On the DVD Meyers talked about how hard it was to get Shatner to say “here it comes” properly. Shatner kept telegraphing the punch. I have a friend who frequently uses The Relaint’s override code as his password.
Now when I first saw the movie I was going to a screening on the day before opening. This was back when I lived in OKC. Well actually I lived in Midwest City on the far east side that. I was going to drive to my GFs house, yes some trek fans actually have girlfriends, and get her from the SW part of OKC and then go up to the NorthPark theatre. The entire date would be about 100 miles of driving. Anyway I had a blowout on I-240. I walked about 5 miles back to my house and called my GF and told her we wouldn’t be going. Then after sitting down, my brother pointed out that I could still make the movie myself. So I went by myself.
mental gears grinding
Was it 16309?
Because if this thread, I watched TWOK last night. I’m firmly convinced that Khan was sentenced to Botany Bay because of his mullet. In fact, the whole BB crew looked like a bad ad for a punk Flock of Seagulls parody.
Well, then, no wonder they were forced to flee Earth.
I ran
I ran so far away …
Of course. People born in the 1920s and 30s, sporting 80s hairstyles in 1996, when they should have had 60s hair, obviously needed to travel to the future where they had some small hope of looking hip.
I don’t know, he is a much bigger geek than I.
I heard he lost weight on the Zemmy Grok program.

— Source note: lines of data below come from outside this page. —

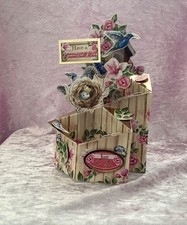 Handmade Hunkydory Pop-Up box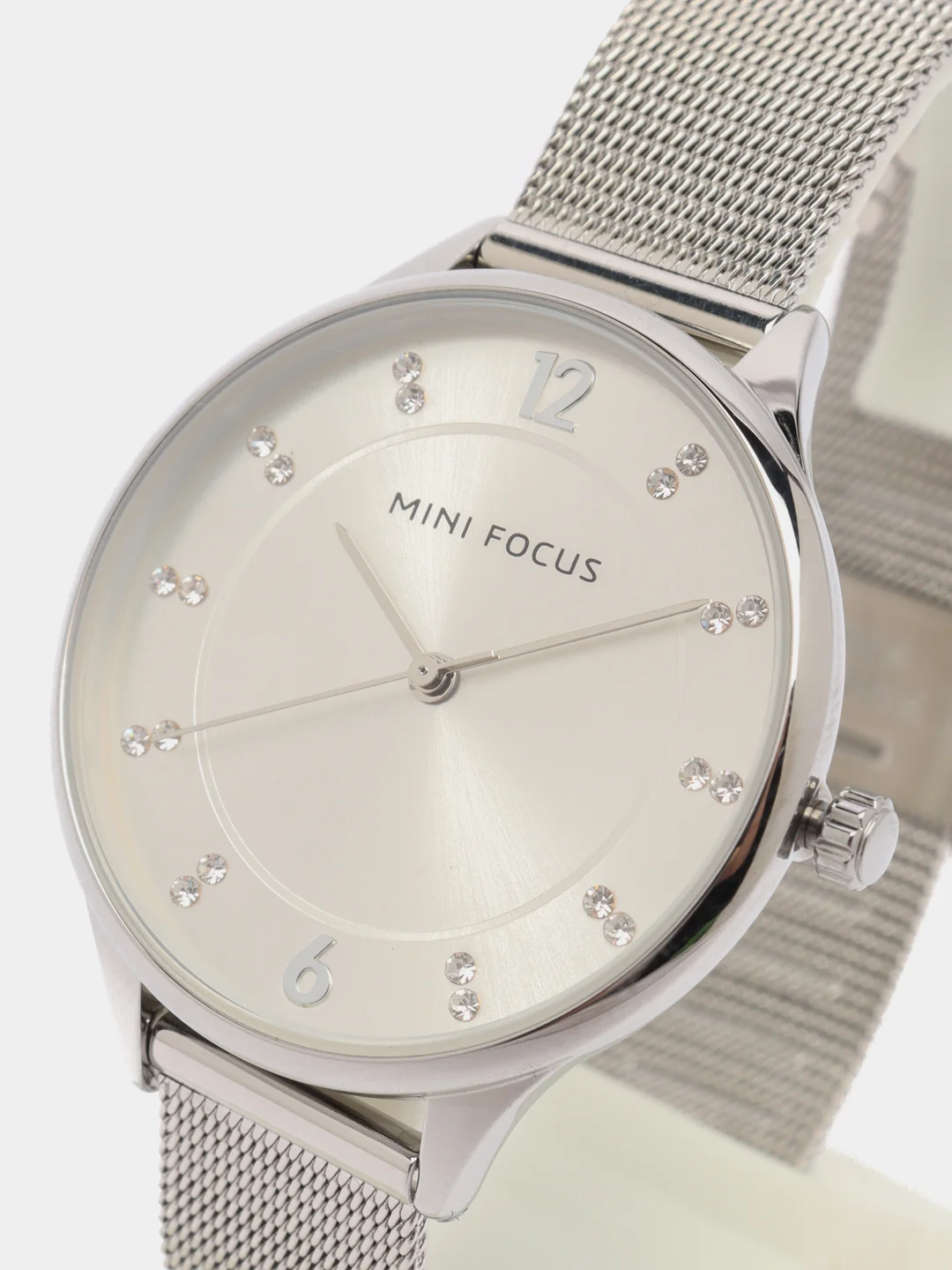 Серебряный женские наручные часы Mini Focus MF0045L с металлическим браслетом и камнями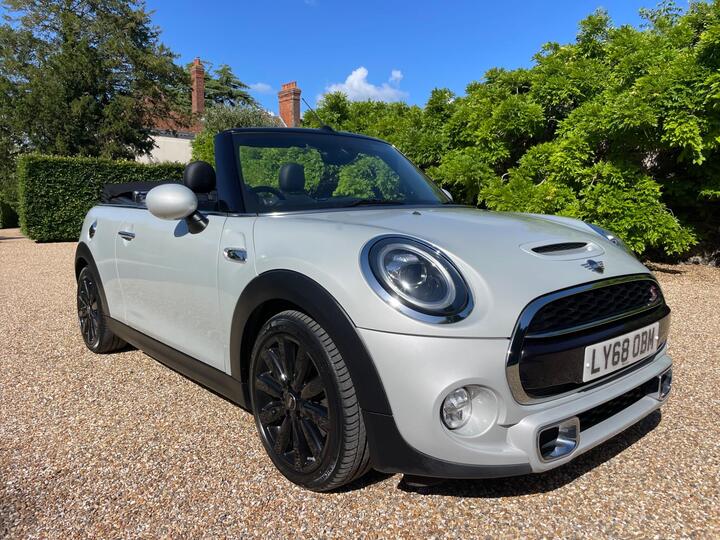 MINI Convertible 2.0 Cooper S Exclusive Steptronic Euro 6 (s/s) 2dr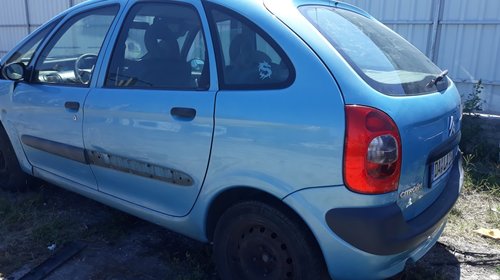 Dezmembram Citroen Xsara Picasso 1.6i An 2009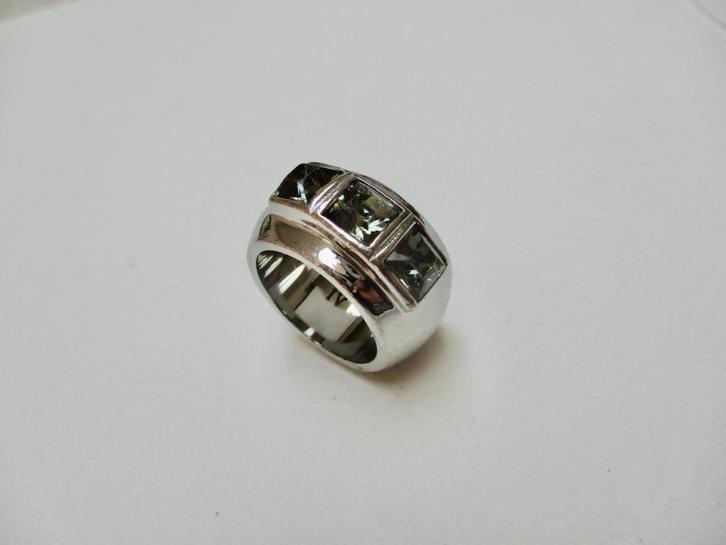 DYRBERG KERN band ring 18.5 mm flink breed + 3 groene stenen, Sieraden, Tassen en Uiterlijk, Ringen, Gebruikt, Dame of Heer, 18 tot 19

FWIW, a number of ST fan sites I found on Google confirm that it is indeed 16309.
How 'bout the re-release?
Oooh, I hope it’s the pan-and-scan version.
Did anyone else read the novelization? I owned both II and III in novel form and a lot of stuff was fleshed out: Peter Preston’s relation to Scotty, Saavik’s love affair with Kirk’s son, the personalities of Carol Marcus’s team on the Genesis project, etc. Maybe the 20 years have softened my focus, but I remember both of them being really good sci-fi novels.
I did. I remember Carol Marcus making a big deal that the Lab rats filled up a 50 Meg storage unit (bubble memory?) with a 32 Meg game and remarked just how huge it was.
I was a geek. The number stuck.
I remember that it got the name of the planet Khan was marooned on wrong, and that it had Spock’s body burning up in the atmosphere of the Genesis planet (and then retconned Saavik reprogramming the launch path to put Spock’s coffin on the planet). I thought that they were pretty badly written, personally.